[Captioned web image data]
Content starts
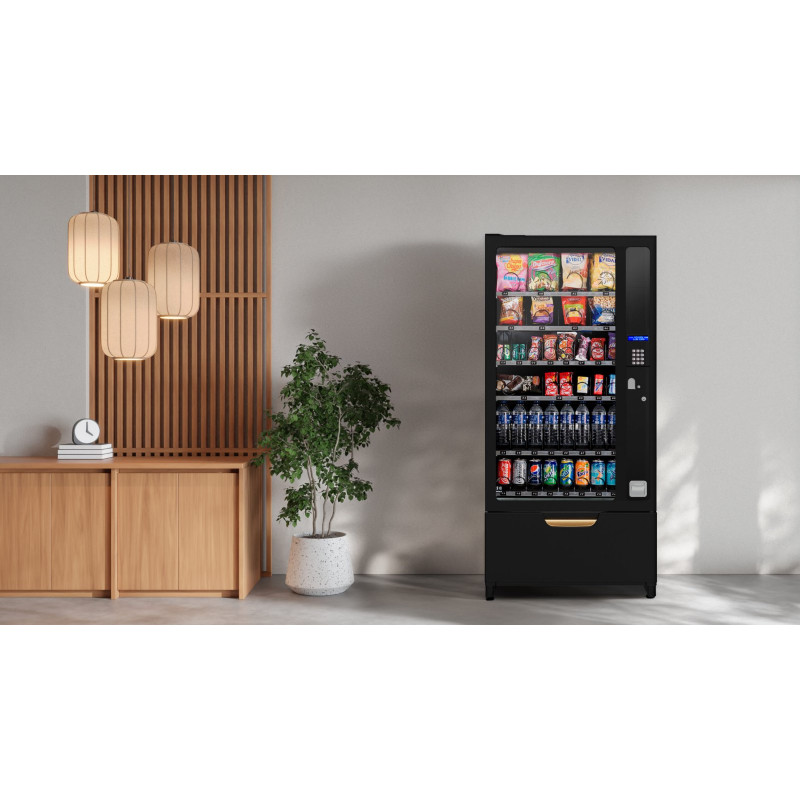 Azkoyen Zeru – modulær snack- og drikkeautomat med køl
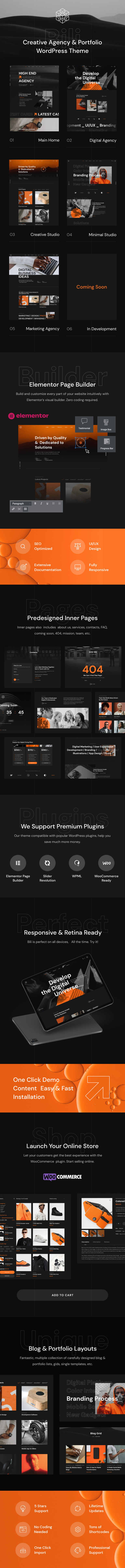 Bili - Creative Agency WordPress Theme - 1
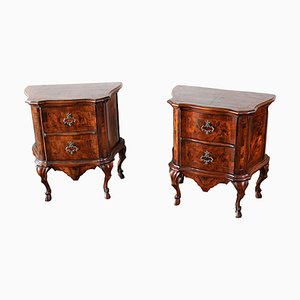 18th Century Style Bedside Tables, 1990s, Set of 2-IYX-1430692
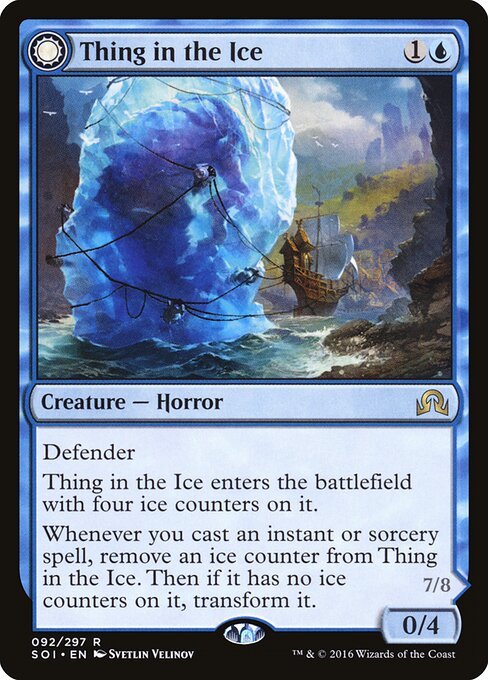 Thing in the Ice card from SOI #92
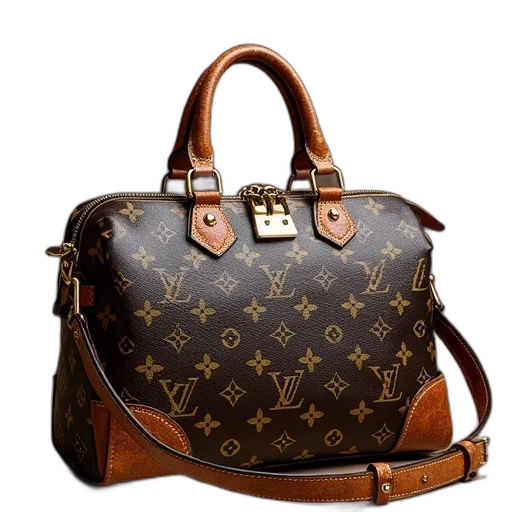 louis, vuitton, bag, ornate transparent PNG cut-out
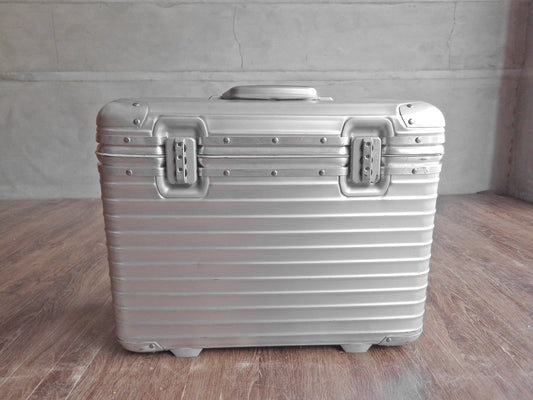 リモワ RIMOWA トパーズ パイロット TOPAS PILOT トローリー 2輪 アルミ スーツケース キャリーケース 29L 廃番 希少 現状品 ♪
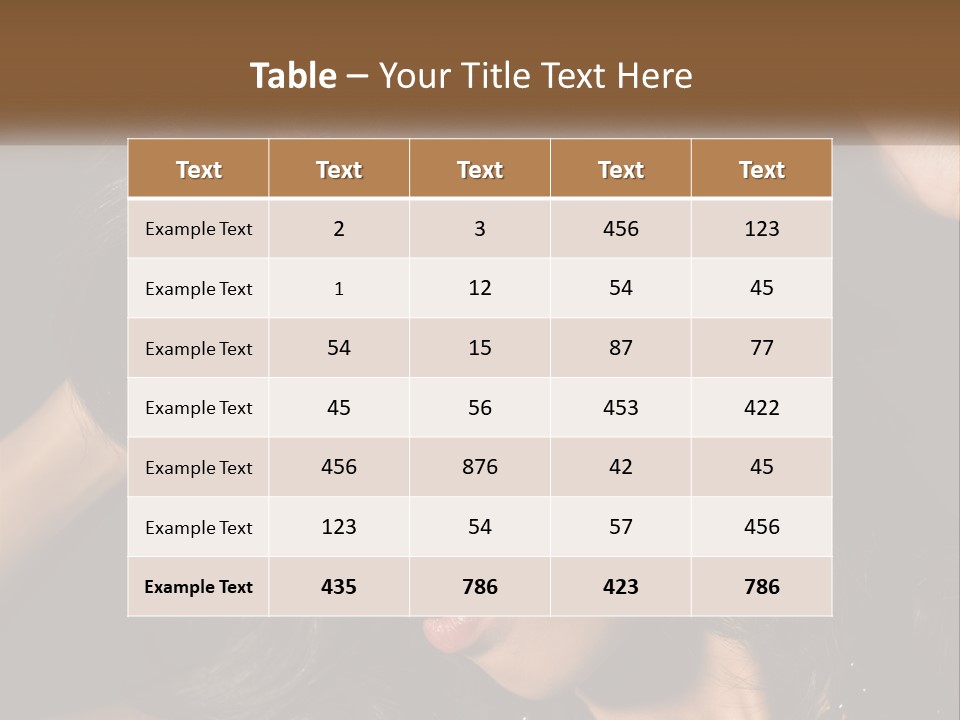 A Woman With Long Hair Is Holding Her Head In Her Hands PowerPoint Template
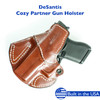 DeSantis Gunhide 028TA21Z0 Cozy Partner  Belt Tan Leather Belt Loop Fits 1911 45 Belt 1.50 Wide Right Hand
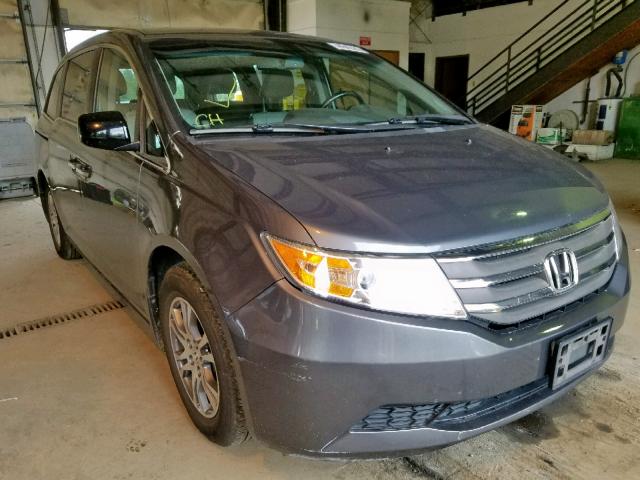 5FNRL5H6XCB027426 - 2012 HONDA ODYSSEY EX GRAY photo 1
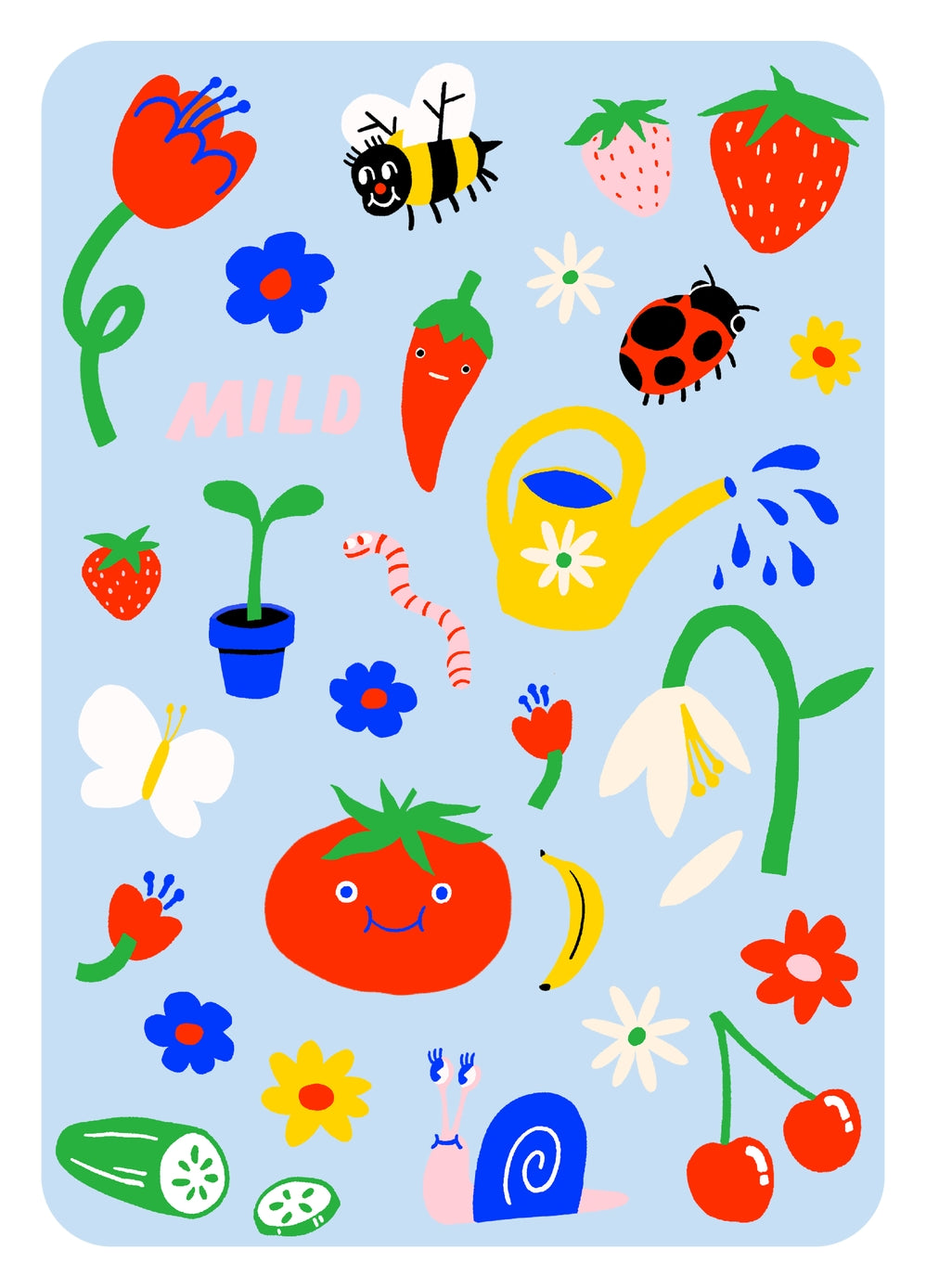 Iron-on Transfer Sheets - Garden Gone Mild Sheet Set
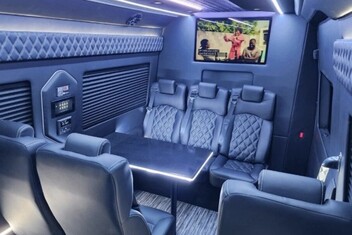 Akron Sprinter Van Interior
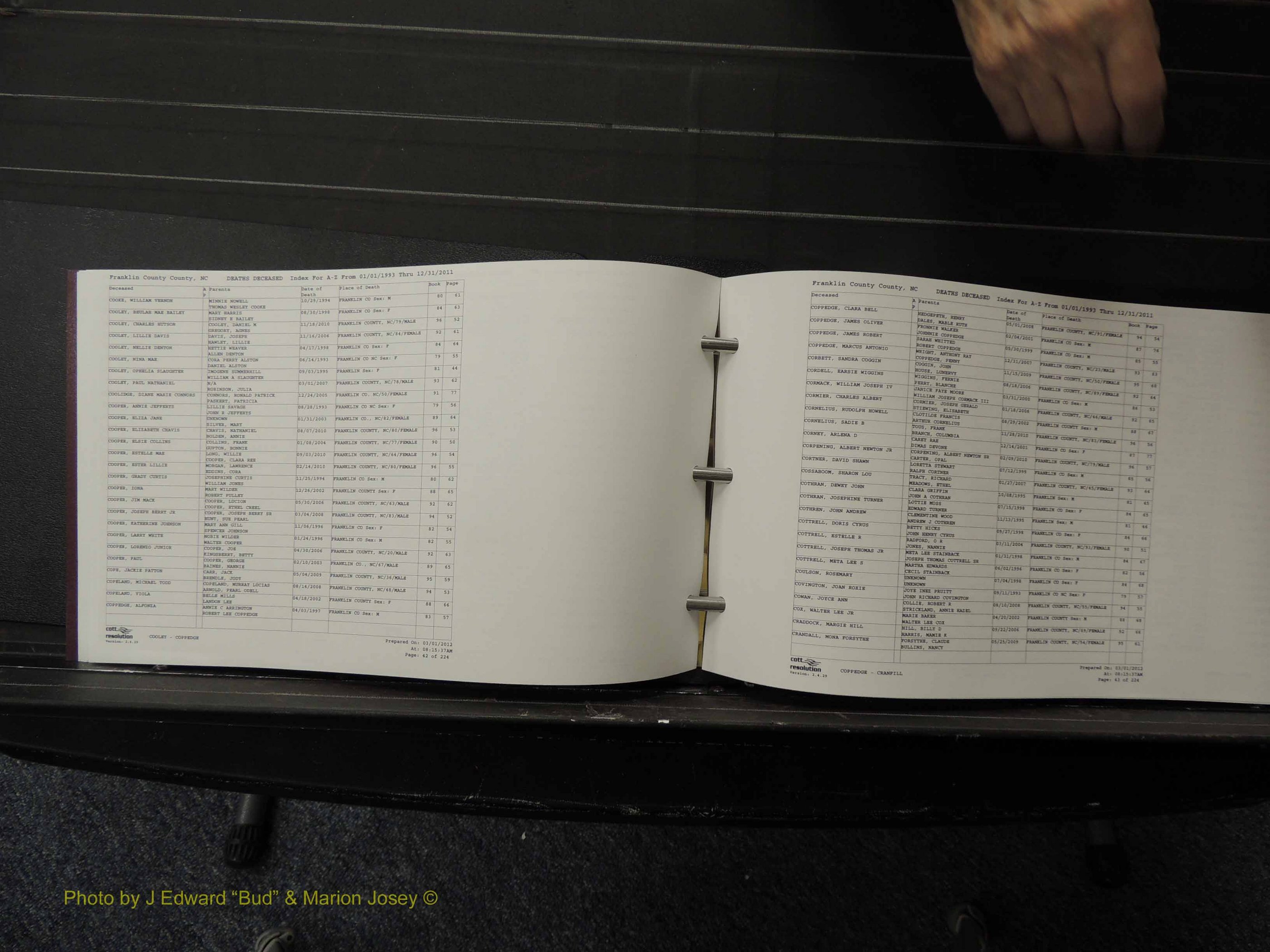 Franklin Co, NC, Deaths, 1993-2011 (122).JPG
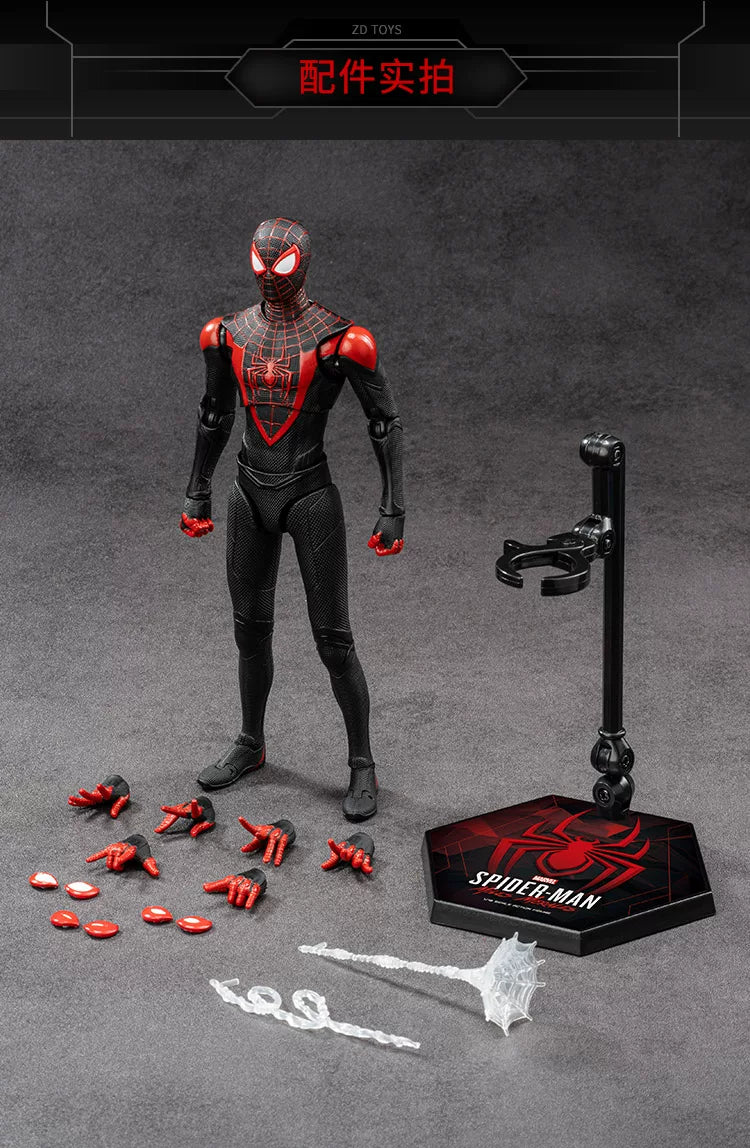 Juego de PS4 de la serie Spider-Man de ZD TOY, traje anti-Ock de Spider-Man, traje Velocity de Spider-Man, traje 2099 de Spider-Man, Miles Morales COLLECTION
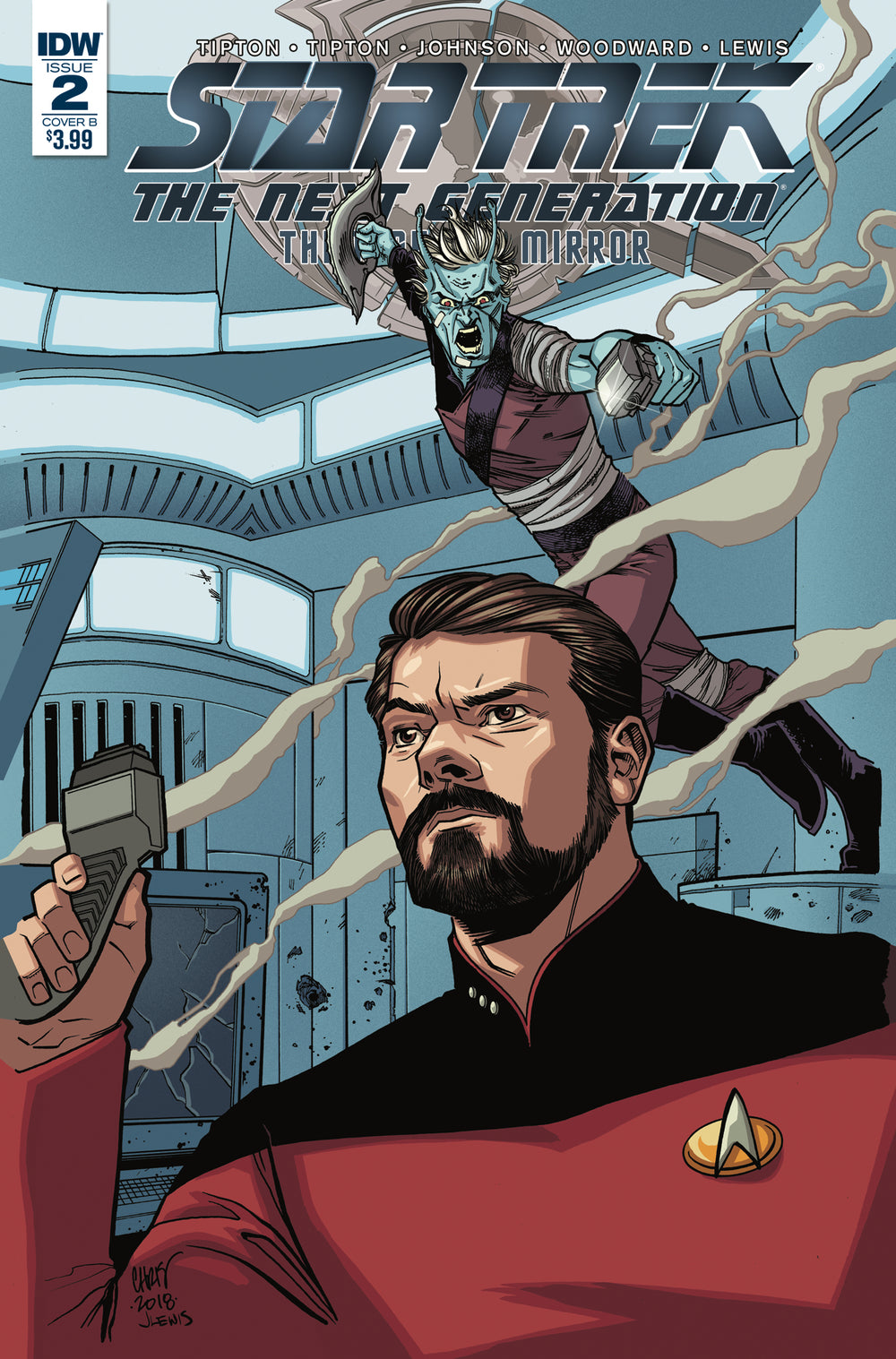 STAR TREK TNG THROUGH THE MIRROR #2 CVR B JOHNSON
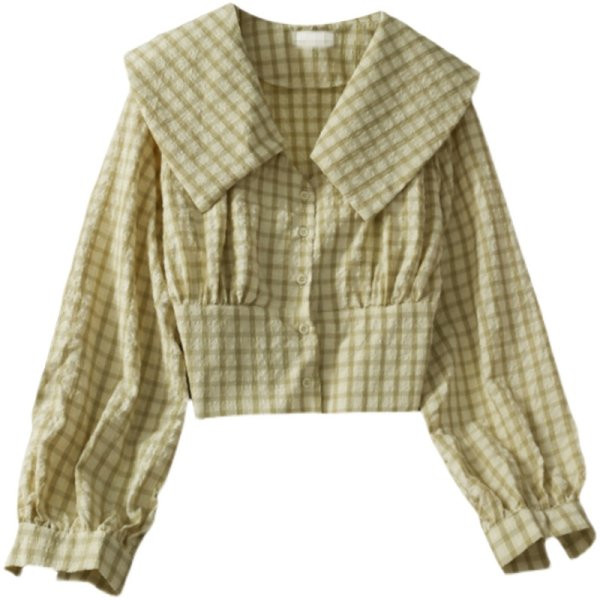 Kockás női ing hosszú ujjal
Content ends
§ **WORK TASK**:
Your answer must be the lines from the one containing "Iron-on Transfer Sheets" through the final line of the entries, duplicated exactly, with both ends kept and all pictures left out.

§ **SOLUTION FOR THIS EXERCISE**:
 Iron-on Transfer Sheets - Garden Gone Mild Sheet Set
 Akron Sprinter Van Interior
 Franklin Co, NC, Deaths, 1993-2011 (122).JPG
 Juego de PS4 de la serie Spider-Man de ZD TOY, traje anti-Ock de Spider-Man, traje Velocity de Spider-Man, traje 2099 de Spider-Man, Miles Morales COLLECTION
 STAR TREK TNG THROUGH THE MIRROR #2 CVR B JOHNSON
 Kockás női ing hosszú ujjal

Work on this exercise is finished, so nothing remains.